Also in today's EMEA regional roundup: Vodafone/Liberty chatter ratchets up a notch; Tele2's Q1 earnings rise 7%; Sky sells stake in gaming business; "Fitbit for cars" company wins funding.
Community Fibre, a London-based Internet service provider, has secured £25 million (US$35 million) in new financing led by the National Digital Infrastructure Fund (NDIF), to roll out full-fiber connectivity to an additional 100,000 homes in the capital by 2022. NDIF is a government-supported commercial fund established in 2017 by Amber Infrastructure Group to invest in digital infrastructure in the UK. Also investing in the rollout is RPMI Railpen, one of the UK's largest pension funds -- it is putting £7 million ($9.7 million) into the project, adding to the NDIF's £18 million ($25.1 million). According to ISP Preview, Community Fibre expects to have extended its gigabit-capable network to around 60,000 homes in London by the end of 2018, with the bulk of that focused on council-owned or social housing.
There's been talk over the weekend, in the pages of the Financial Times (subscription required), that the much anticipated takeover of Liberty Global Inc. (Nasdaq: LBTY)'s cable assets in Germany by Vodafone Group plc (NYSE: VOD) could be agreed within the next two weeks, in a deal worth as much as €16.5 billion ($20.2 billion). Back in February Vodafone confirmed that it was in talks relating to the acquisition of certain Liberty Global European assets but ruled out a "mega-merger" of the two companies. (See Vodafone in Talks to Acquire Liberty Global Assets.)

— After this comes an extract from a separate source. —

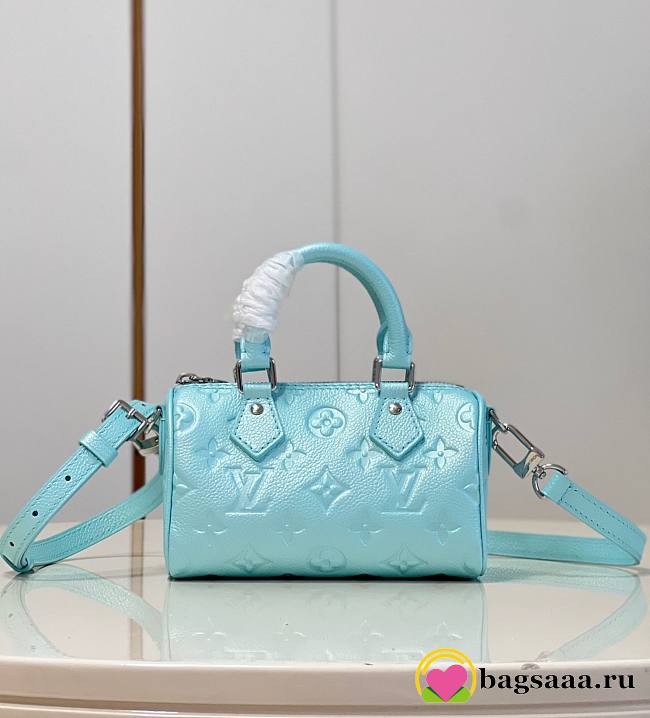 Bagsaaa Louis Vuitton Nano Speedy M82342 Pearly Lagoon Turquoise - 16x10x7.5 cm - 1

Net sales at Tele2 AB (Nasdaq: TLTO) grew 5% year-on-year in the first quarter to 6.22 billion Swedish kronor ($733 million), while EBITDA (earnings before interest, tax, depreciation and amortization) was up 7% to SEK1.62 billion ($191 million). Growth in Kazakhstan and Croatia helped drive mobile service revenue, though Swedish revenue was hit by currency movements. Tele2 is currently in the process of acquiring cable operator Com Hem in a deal expected to close in the second half of 2018 and valued at around $3.3 billion. (See Sweden's Tele2 to Swallow Com Hem in $3.3B Deal.)
Sky , the UK-based satellite TV broadcaster, has sold its 20% stake in online gaming business Sky Betting & Gaming (SBG) to The Stars Group, a Canadian company. The deal follows the initial sale of Sky's majority stake in SBG to CVC Capital Partners in 2015, with the two sales taken together raising around £1.2 billion.
Lightfoot, a UK company that describes itself as a "Fitbit for cars," has landed a £1 million ($1.4 million) loan from a government-backed innovation scheme to help it move into the consumer market, the Daily Telegraph reports. Lightfoot's technology uses a device connected to their car's onboard diagnostic port to measure how efficiently motorists are driving, rewarding the most efficient drivers with goodies such as insurance discounts and free coffee.
A study commissioned by UK altnet CityFibre has reached the not altogether surprising conclusion that copper isn't good for the planet. The study, conducted on behalf of CityFibre by a firm of "sustainability consultants," found that the adoption of "greener" technological developments such as homeworking and tele-healthcare is being impeded in the UK by an over-reliance on a legacy copper-based infrastructure, which, says the study, cannot cope with the ever-increasing amounts of data being generated. Copper is also "significantly more carbon intensive" than fiber "at all stages of its lifecyle," according to CityFibre, including extraction, manufacture and during network operations.